Nearly 1 million workers will lose at least some benefits in the dozen states that will prematurely stop participating in federal unemployment programs.
Republican governors in 12 states have announced in the past week they will cancel the federal benefits, including an extra $300 per week and benefits for contractors, in an attempt to make workers more willing to accept lower wages.
Starting next month, 895,000 workers in those dozen states will lose benefits, according to an analysis by The Century Foundation, a think tank that advocates for more worker support. Of those, 621,000 will be left with no unemployment income at all, while the rest could continue to receive state-funded benefits.
“There is simply no economic evidence that pandemic unemployment aid is holding back job creation,” Andrew Stettner, a senior fellow at The Century Foundation, said in a release.

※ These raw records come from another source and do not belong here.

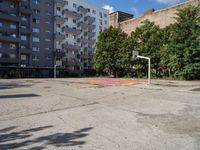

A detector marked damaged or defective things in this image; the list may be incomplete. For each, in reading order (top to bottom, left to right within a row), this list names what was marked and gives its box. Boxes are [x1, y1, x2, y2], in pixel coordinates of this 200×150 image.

cracked asphalt [0, 78, 200, 149] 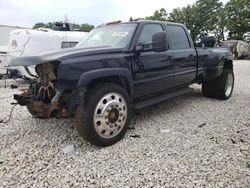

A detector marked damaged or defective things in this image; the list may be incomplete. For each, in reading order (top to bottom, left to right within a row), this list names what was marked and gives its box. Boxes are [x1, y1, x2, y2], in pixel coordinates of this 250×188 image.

damaged front end [14, 63, 69, 119] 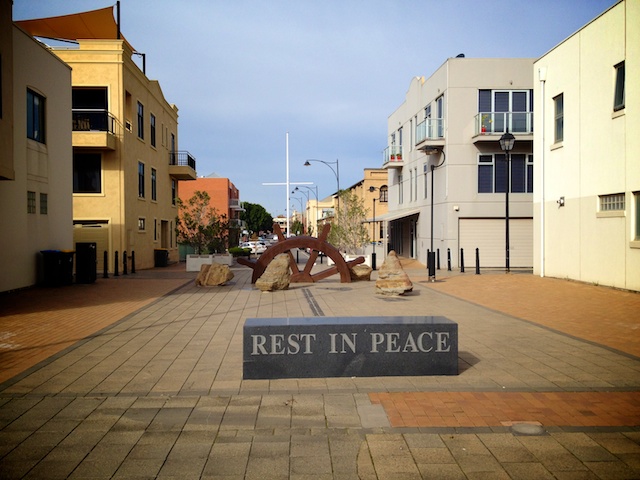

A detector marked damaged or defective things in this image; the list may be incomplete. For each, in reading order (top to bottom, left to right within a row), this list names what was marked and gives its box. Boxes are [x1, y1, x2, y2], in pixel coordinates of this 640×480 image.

rusty metal anchor sculpture [236, 223, 364, 284] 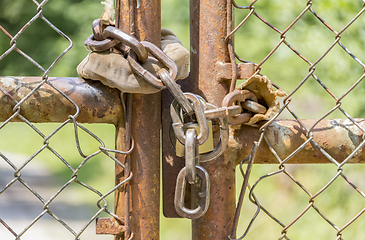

More Republican states are likely to make similar announcements. If every state with a Republican governor canceled the benefits, some 4.8 million workers would be affected.
The benefits will soon expire anyway, since Congress has put them in place only until early September. Stettner also pointed out that workers have been returning to jobs of their own accord, as the total number of claims in the main federal programs are down 16% since March.
Republicans and business owners have said the extra $300 makes unemployed people unwilling to take jobs that don’t pay more than the combination of $300 and regular state benefits, which average $387 per week nationally. (Republicans and businesses also have complained that workers won’t accept jobs even when no federal unemployment benefits are in place.)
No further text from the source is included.